- Task to carry out: The result should be a faithful copy of every entry below, with the pictures left out.

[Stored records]
++++++++++

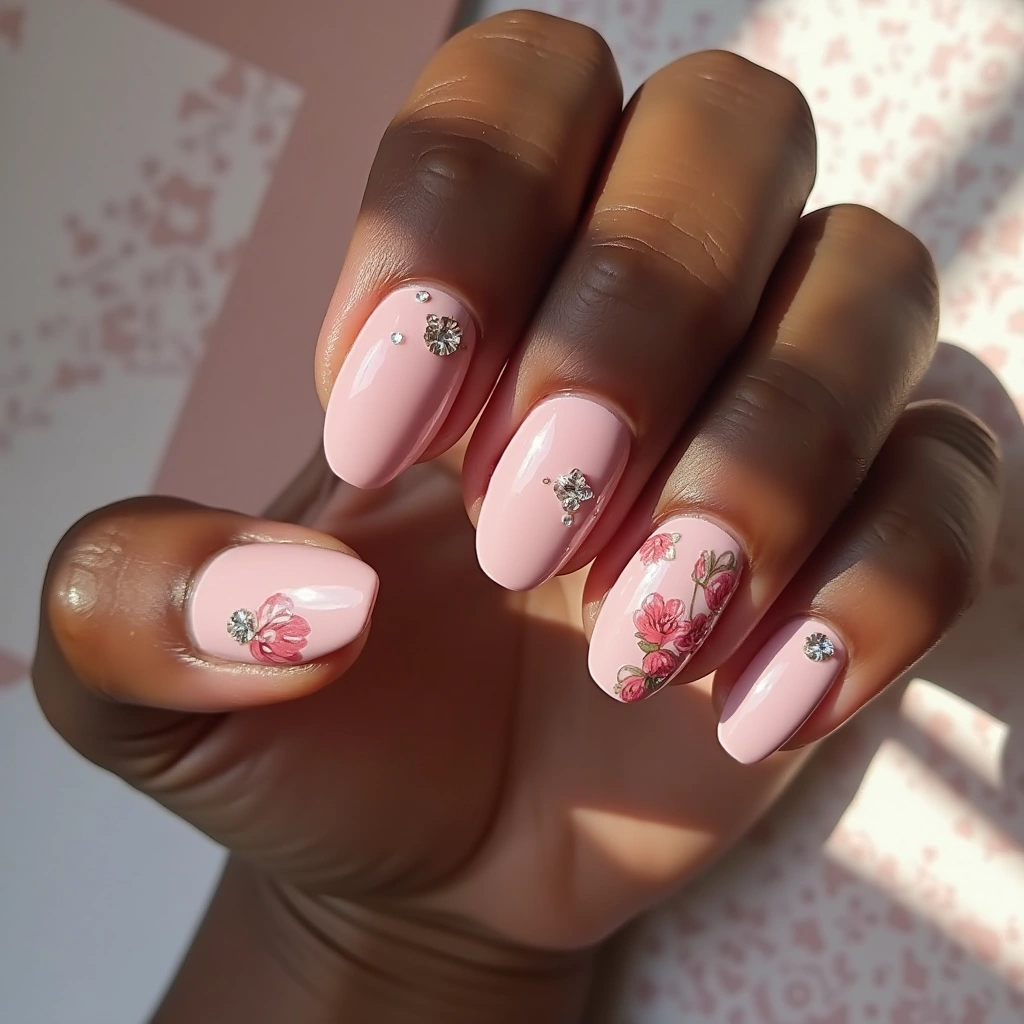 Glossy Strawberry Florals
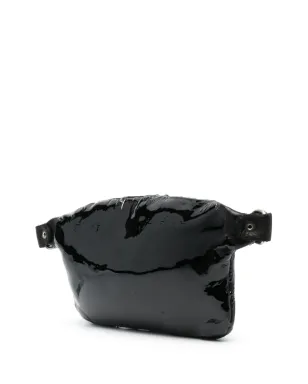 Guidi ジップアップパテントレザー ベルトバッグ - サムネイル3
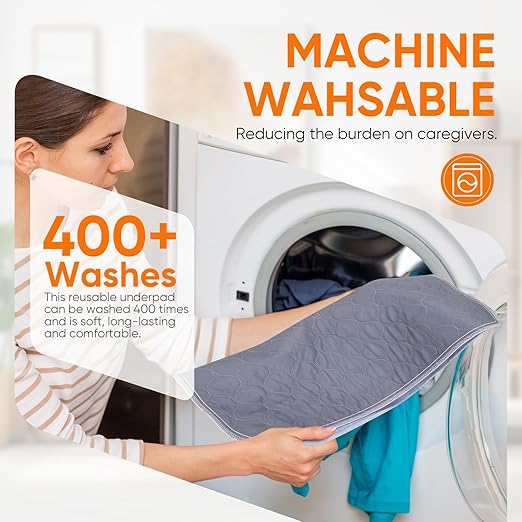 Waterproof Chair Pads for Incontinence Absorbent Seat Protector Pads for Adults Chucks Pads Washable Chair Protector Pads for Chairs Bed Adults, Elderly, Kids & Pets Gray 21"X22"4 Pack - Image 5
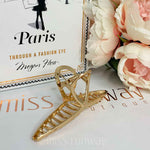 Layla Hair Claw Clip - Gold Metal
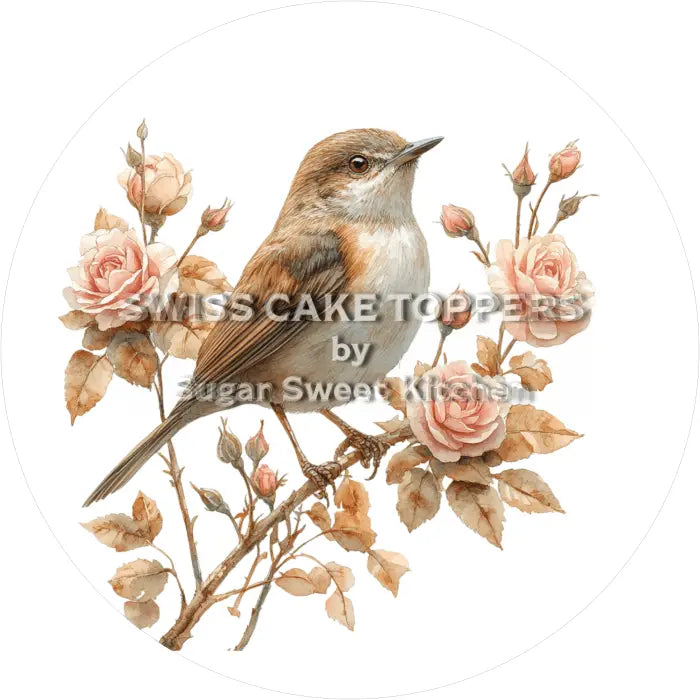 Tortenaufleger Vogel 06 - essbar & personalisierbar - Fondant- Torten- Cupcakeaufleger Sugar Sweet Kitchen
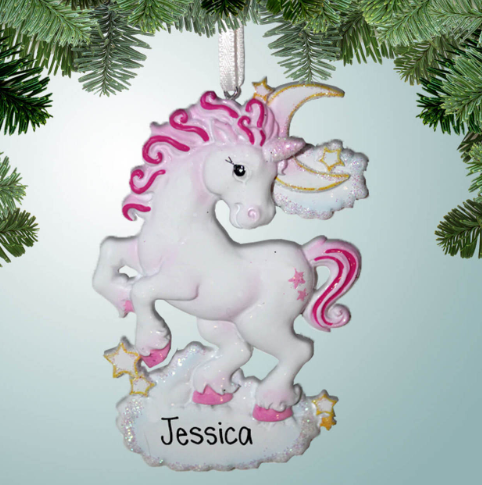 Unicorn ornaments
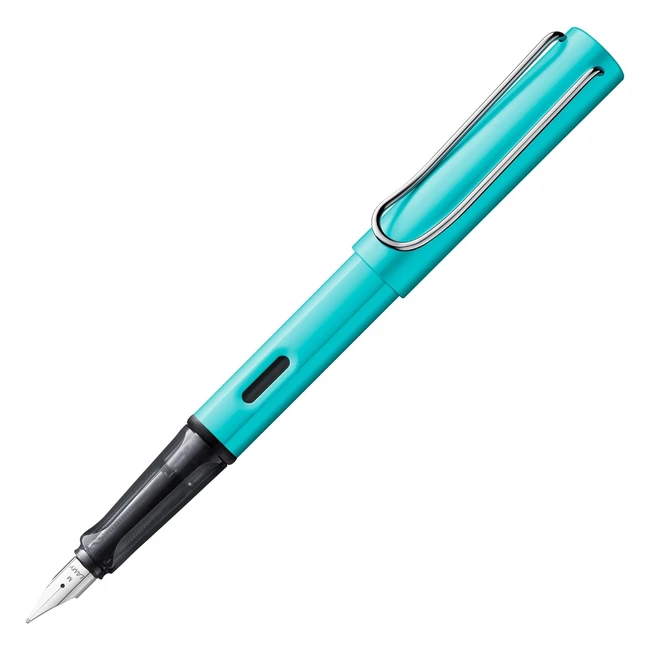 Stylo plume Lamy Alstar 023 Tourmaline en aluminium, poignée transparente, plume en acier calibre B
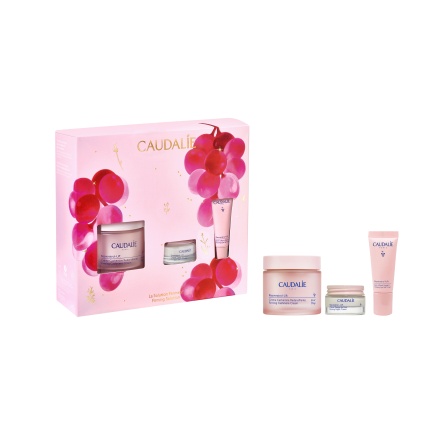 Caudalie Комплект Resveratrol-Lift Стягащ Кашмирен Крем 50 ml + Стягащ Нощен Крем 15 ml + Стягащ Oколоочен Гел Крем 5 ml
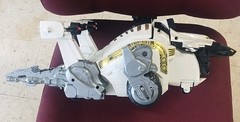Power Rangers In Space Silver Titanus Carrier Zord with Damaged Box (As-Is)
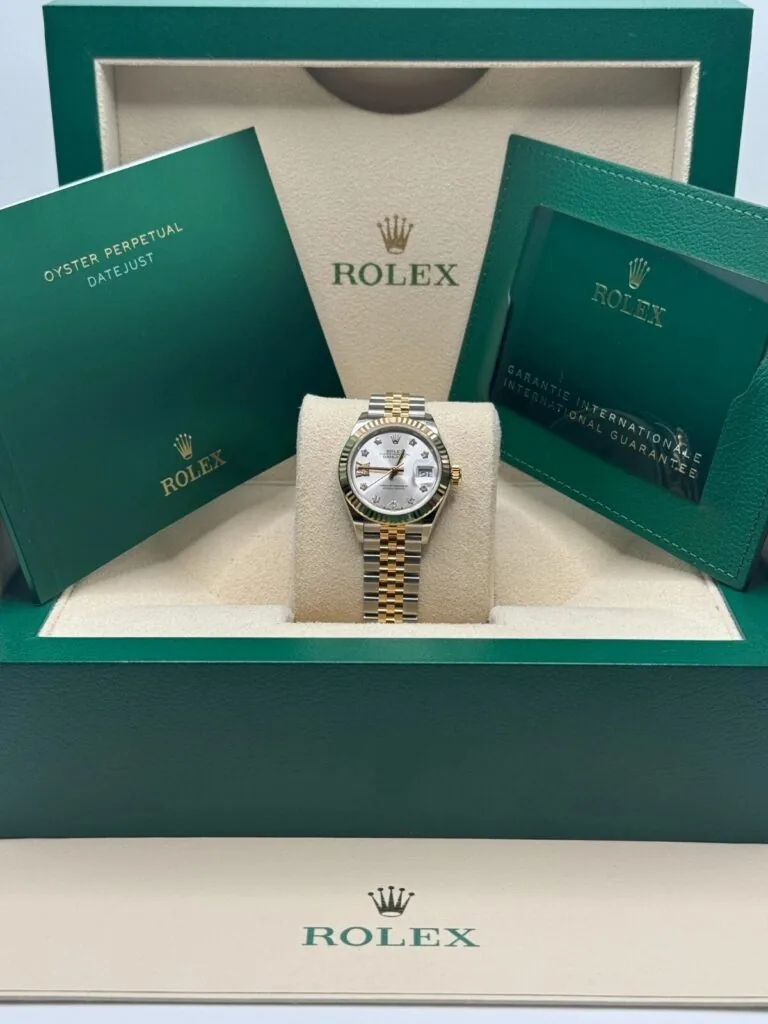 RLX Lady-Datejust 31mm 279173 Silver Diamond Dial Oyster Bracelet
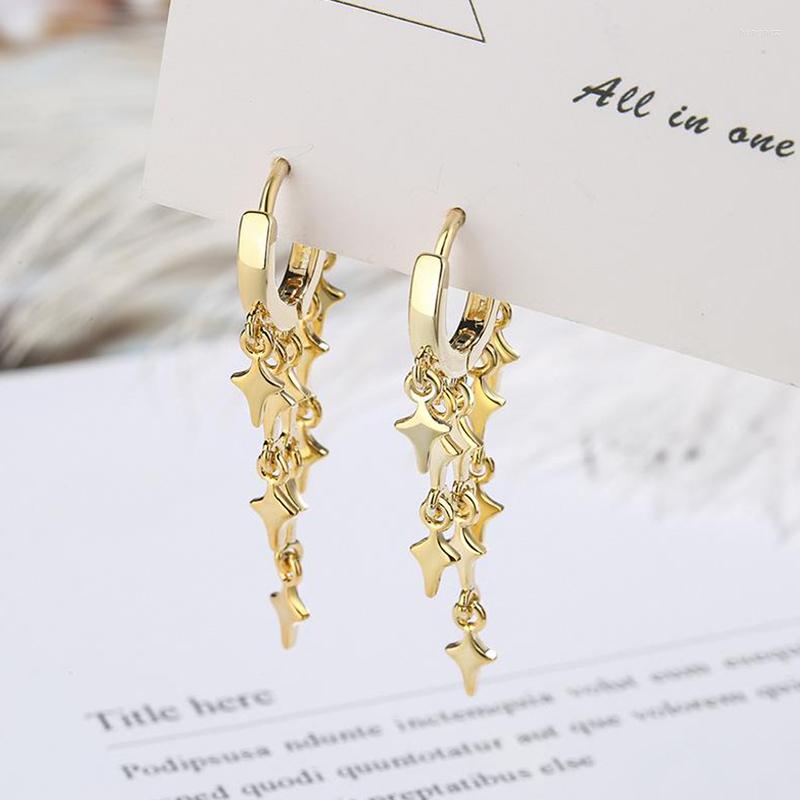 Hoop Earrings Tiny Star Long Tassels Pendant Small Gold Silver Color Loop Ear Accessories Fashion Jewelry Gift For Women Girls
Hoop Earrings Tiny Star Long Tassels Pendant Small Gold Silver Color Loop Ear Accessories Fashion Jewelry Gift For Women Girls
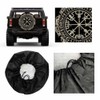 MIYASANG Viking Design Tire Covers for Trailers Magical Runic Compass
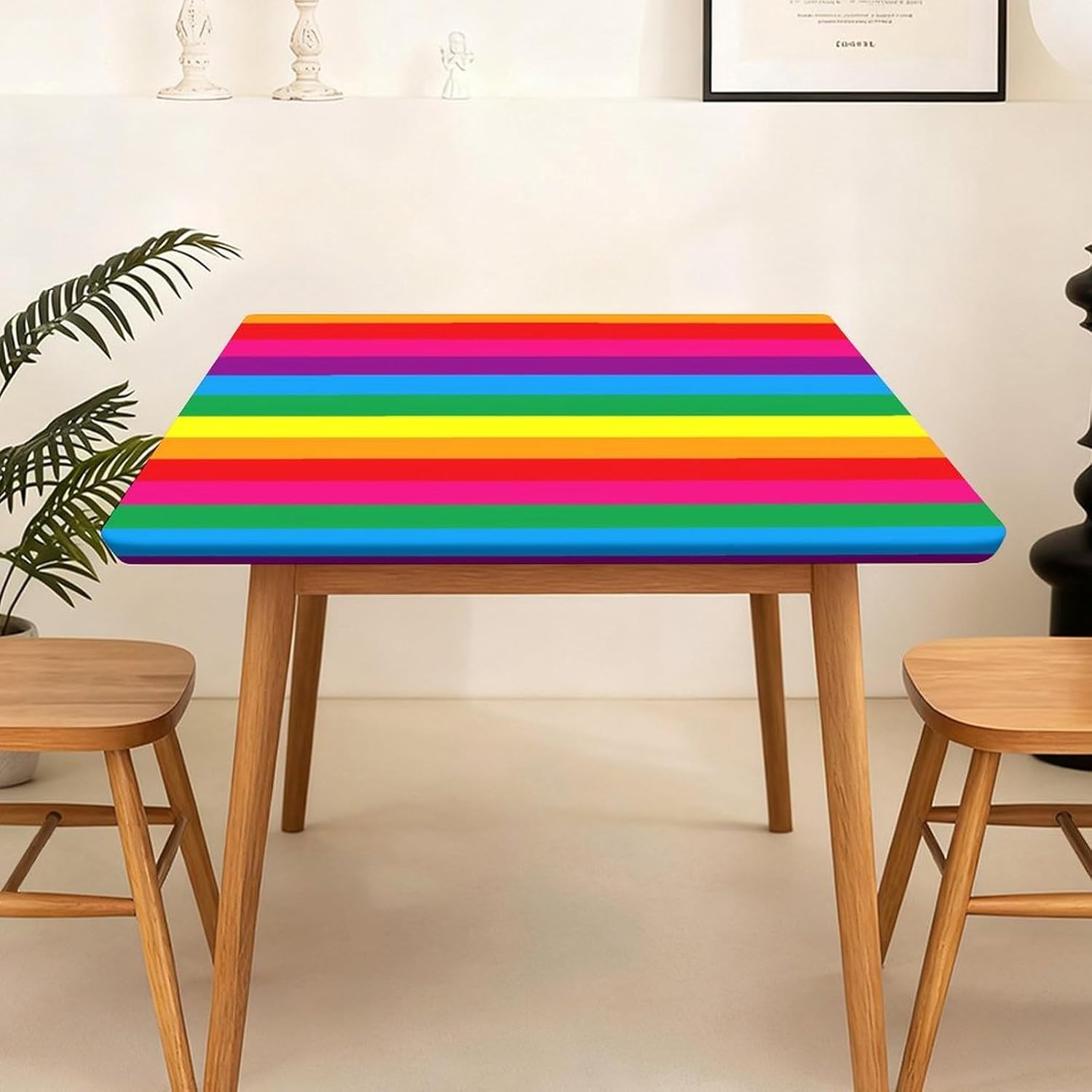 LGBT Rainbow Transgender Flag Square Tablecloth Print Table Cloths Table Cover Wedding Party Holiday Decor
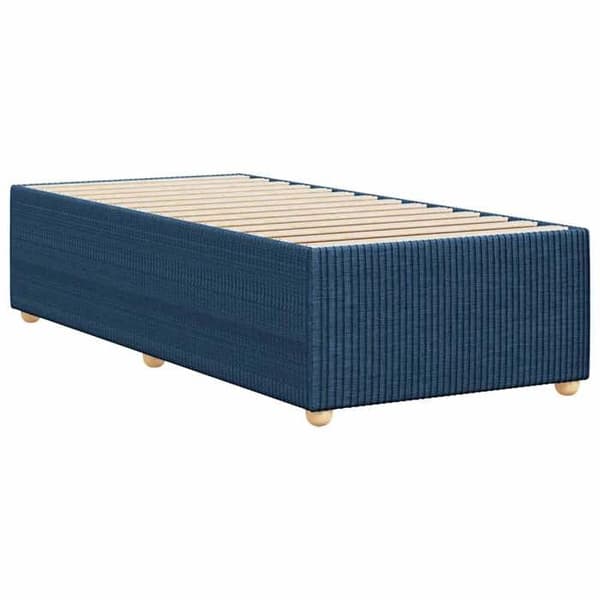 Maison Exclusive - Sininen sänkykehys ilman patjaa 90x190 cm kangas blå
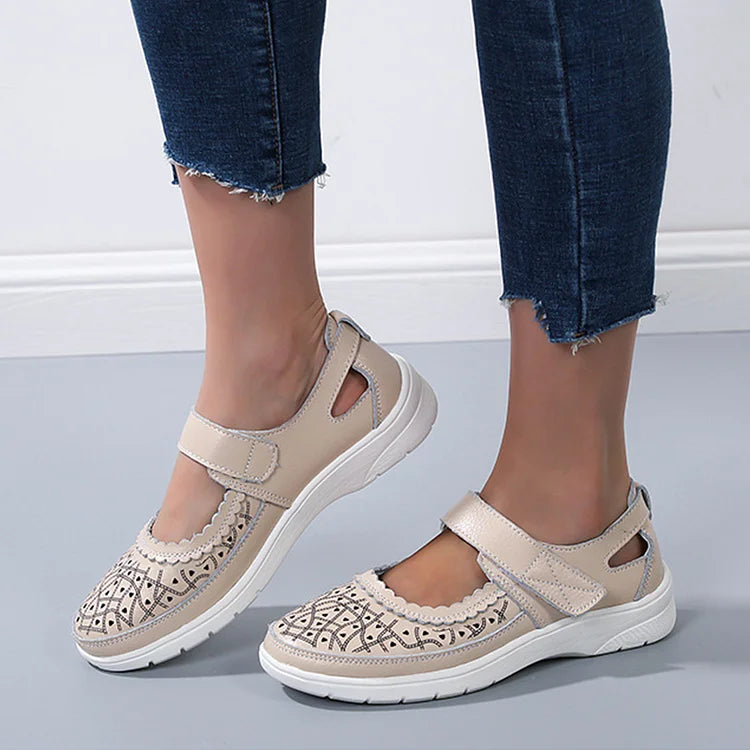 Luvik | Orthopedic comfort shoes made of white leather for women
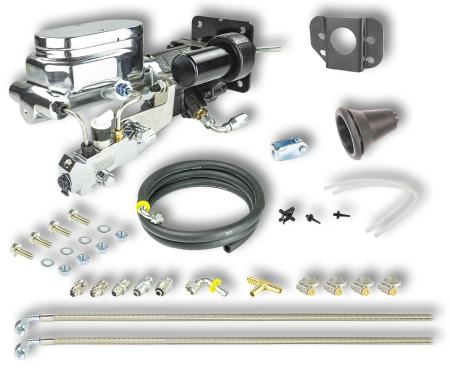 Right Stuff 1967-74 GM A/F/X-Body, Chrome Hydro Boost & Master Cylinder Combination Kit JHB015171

++++++++++

- Answer for the task:
 Glossy Strawberry Florals
 Guidi ジップアップパテントレザー ベルトバッグ - サムネイル3
 Waterproof Chair Pads for Incontinence Absorbent Seat Protector Pads for Adults Chucks Pads Washable Chair Protector Pads for Chairs Bed Adults, Elderly, Kids & Pets Gray 21"X22"4 Pack - Image 5
 Layla Hair Claw Clip - Gold Metal
 Tortenaufleger Vogel 06 - essbar & personalisierbar - Fondant- Torten- Cupcakeaufleger Sugar Sweet Kitchen
 Unicorn ornaments
 Stylo plume Lamy Alstar 023 Tourmaline en aluminium, poignée transparente, plume en acier calibre B
 Caudalie Комплект Resveratrol-Lift Стягащ Кашмирен Крем 50 ml + Стягащ Нощен Крем 15 ml + Стягащ Oколоочен Гел Крем 5 ml
Power Rangers In Space Silver Titanus Carrier Zord with Damaged Box (As-Is)
 RLX Lady-Datejust 31mm 279173 Silver Diamond Dial Oyster Bracelet
 Hoop Earrings Tiny Star Long Tassels Pendant Small Gold Silver Color Loop Ear Accessories Fashion Jewelry Gift For Women Girls
Hoop Earrings Tiny Star Long Tassels Pendant Small Gold Silver Color Loop Ear Accessories Fashion Jewelry Gift For Women Girls
 MIYASANG Viking Design Tire Covers for Trailers Magical Runic Compass
 LGBT Rainbow Transgender Flag Square Tablecloth Print Table Cloths Table Cover Wedding Party Holiday Decor
 Maison Exclusive - Sininen sänkykehys ilman patjaa 90x190 cm kangas blå
 Luvik | Orthopedic comfort shoes made of white leather for women
 Right Stuff 1967-74 GM A/F/X-Body, Chrome Hydro Boost & Master Cylinder Combination Kit JHB015171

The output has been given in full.